1-2-3 Patterns
The so-called “1-2-3” Patterns are reversal patterns.
The key points of a 1-2-3 formation are as follows:
In an uptrend it creates what looks like an “M”... ·
a Higher High (1)·
a Higher Low (2)·
a Lower High (3). (3) does not go any higher than (1).
In a downtrend it creates what looks like a “W”... ·
a Lower Low (1)·
a Lower High (2)·
a Higher Low (3). (3) does not go any lower than (1).
(1) Is the Bottom/Top (depending on original trend direction).
(2) Acts as Correction.
(3) is a retest of (1) that does not go beyond it.
Trading a 1-2-3 Pattern
A horizontal Break Line is drawn from (2) and a break of that level serves to identify the trade entry area.

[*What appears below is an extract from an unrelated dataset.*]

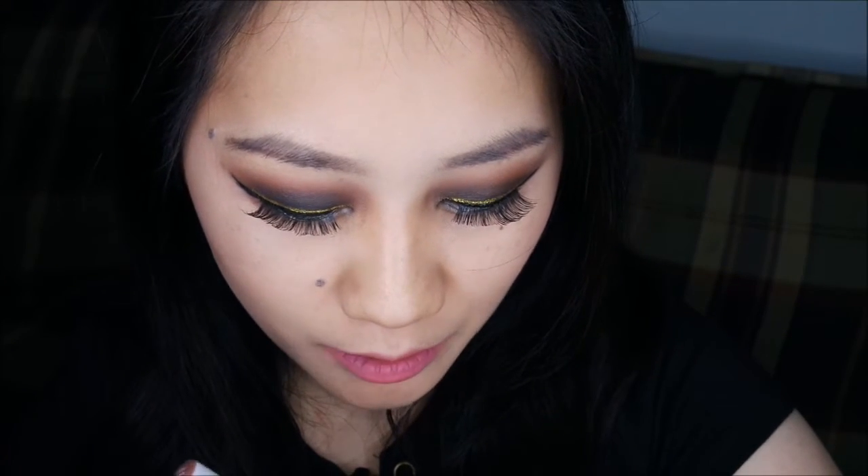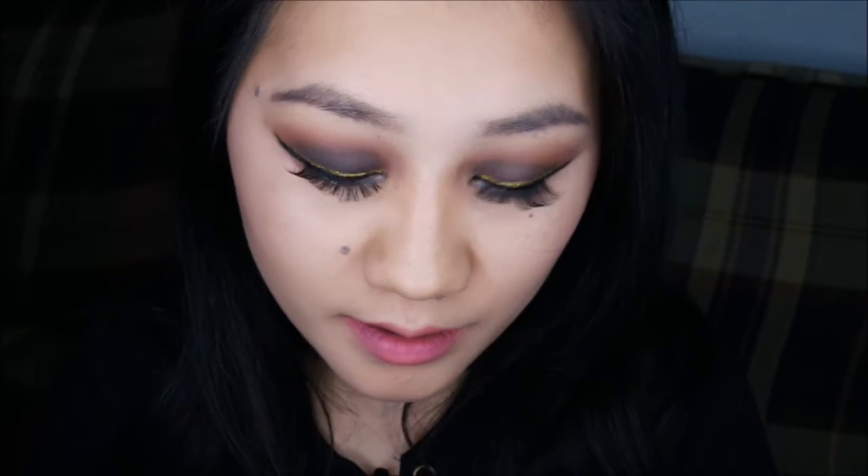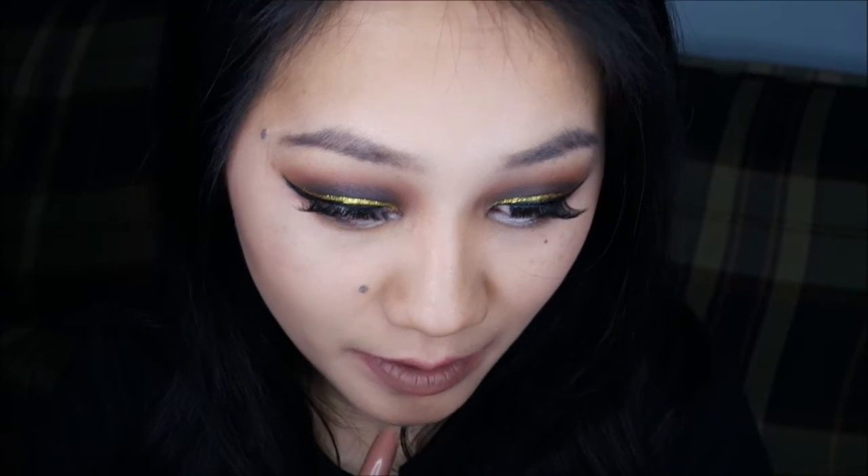The next one here is Pillow Talk, and it's definitely more of a mid-tone brownish, brownish-gray color. I'm really into browns these days, so anything brown is gorgeous.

Projecting the length of (1) – (2) from the break Line should provide a potential target projection.
Mark Crisp, in the PDF referenced below, explains further:
1.The more candles involved in the formation is indicative to the size of the break out. The more candles, the bigger the break.
2.1-2-3 patterns work across different time frames, but the bigger the time frame, the larger the trend development.
That completes our overview of the 1-2-3 Pattern, it really is as simple as that.
These patterns can certainly form on their own.